Common uses include water, sewage, petroleum and petrochemical pumping. The reverse function of the centrifugal pump is a water turbine converting potential energy of water pressure into mechanical rotational energy.

According to Reti, the first machine that could be characterized as a centrifugal pump was a mud lifting machine which appeared as early as 1475 in a treatise by the Italian Renaissance engineer Francesco di Giorgio Martini.True centrifugal pumps were not developed until the late 17th century, when Denis Papin built one using straight vanes. The curved vane was introduced by British inventor John Appold in 1851.

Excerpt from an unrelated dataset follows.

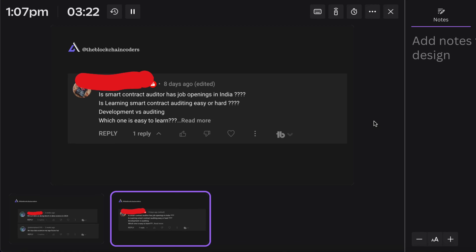No one will give you a smart contract to audit straight away — that's one thing you have to understand. The second part of the question is how to find a job in India and whether there are job openings for blockchain or smart contract developers. There definitely are, but if you focus only on smart contract development or auditing, you'll have less chance of getting a job or project, because most companies hiring are funded startups looking for a full stack blockchain developer. Being full stack makes it much easier to get a job and start building DApps for clients.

  Like most pumps, a centrifugal pump converts mechanical energy from a motor to energy of a moving fluid. A portion of the energy goes into kinetic energy of the fluid. Fluid enters axially through eye of the casing,is caught up in the impeller blades,and is whirled tangentially and radially outward until it leaves through all circumferential parts of the impeller into the diffuser part of the casing. The fluid gains both velocity and pressure while passing through the impeller. The doughnut-shaped diffuser,or scroll,section of the casing decelerates the flow and further increase the pressure.

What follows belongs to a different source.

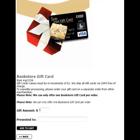The item will appear on the website like this. The customer is able to enter any amount in whole dollar increments. You also have the option of entering a recipient's name.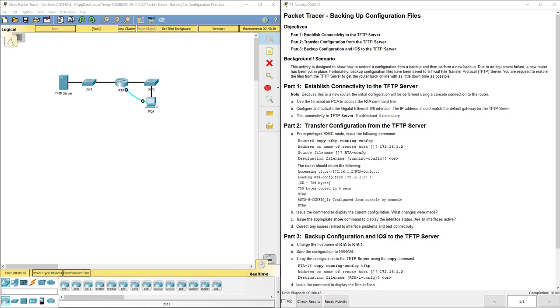Hello everyone. This video walks through completing Packet Tracer assignment 11.2.5.7, backing up configuration files. This Packet Tracer assignment is part of the Cisco RNS Introduction to Networks version 6 curriculum.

Most centrifugal pumps are not self-priming. In other words, the pump casing must be filled with liquid before the pump is started, or the pump will not be able to function. If the pump casing becomes filled with vapors or gases, the pump impeller becomes gas-bound and incapable of pumping. To ensure that a centrifugal pump remains primed and does not become gas-bound, most centrifugal pumps are located below the level of the source from which the pump is to take its suction. The same effect can be gained by supplying liquid to the pump suction under pressure supplied by another pump placed in the suction line.